Memorial of Saint Charles Borromeo, Bishop

Scripture Readings

A couple years ago, I went to a talk at the University of Dayton where the presenting professor defined virtue as “points held in tension.”  His easy example was courage.  Courage is the tension point between cowardice and reckless folly.  Today’s gospel provides us a tension view of humility.

The parable Christ tells seems to primarily revolve around pride and humility.  The dynamic of self-deprecation and false humility seems absent.  And in a certain sense it is.  The parable characters who represent a humility that ignores inherent dignity are absent because they did not respond to the invitation.  When a host throws a party, there are those who are too busy, or those who have other priorities but there are also those who see their invitation as a formality extended to them, but without true meaning behind it.  They can even look at their invitation and say, “I have no place there.”  This response is our first point.  A destructive view of self that receives God’s invitation as intended for others, by merely a formality for us.

The other point is certainly pride.  Pride is the claiming of a seat that asserts my dignity over another’s.  The temptation to see myself as the true guest of honor and not to be satisfied with the honor of being a guest in the first place.

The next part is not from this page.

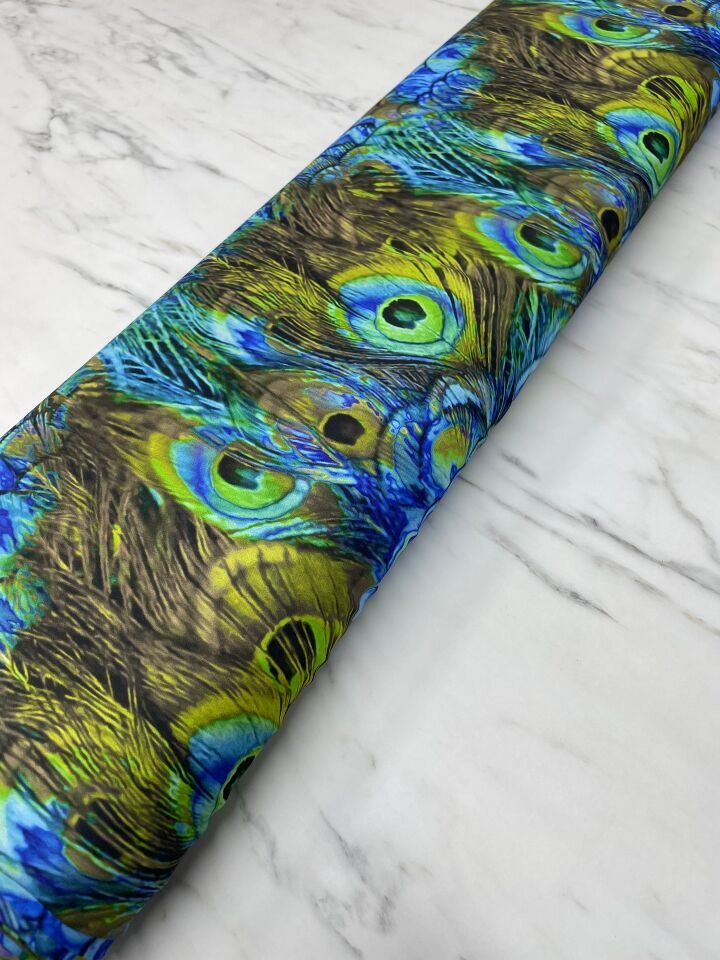 Tavus Tüyü Desen Elbiselik Gömleklik Krep Kumaş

The tension point is humility.  Neither denying my self-esteem to the point of rejecting the invitation nor elevating myself above others or equating my worth with the company of guests I keep.  Instead, seeing my worth in the host’s desire for my presence.

As this plays out in the spiritual life, it is intimately tied to truth. 

It is lies from the world, the flesh, or the devil that we hear when we begin to believe that God extends empty invitations.  Accepting these lies confuses the relationship that we have with God as creature to creator, even child to Father.  The invitation of God is always authentic.

It is lies again to link social honor and standing with worth and dignity.  It is lies that tells us that if we don’t seize esteem for ourselves then we will not be loved or accepted.

Humility is the truth that the same Lord who told Peter to arise and become a fisher of men, invites us into His life and to His banquet.  He has invited us since the moment we were loved into existence.

Humility is the point held in tension between the lies telling us that we make or destroy our own worth.  It is the truth that the worth and dignity of every human being is inherent from the Creator who called them forth.  Who invited them to life.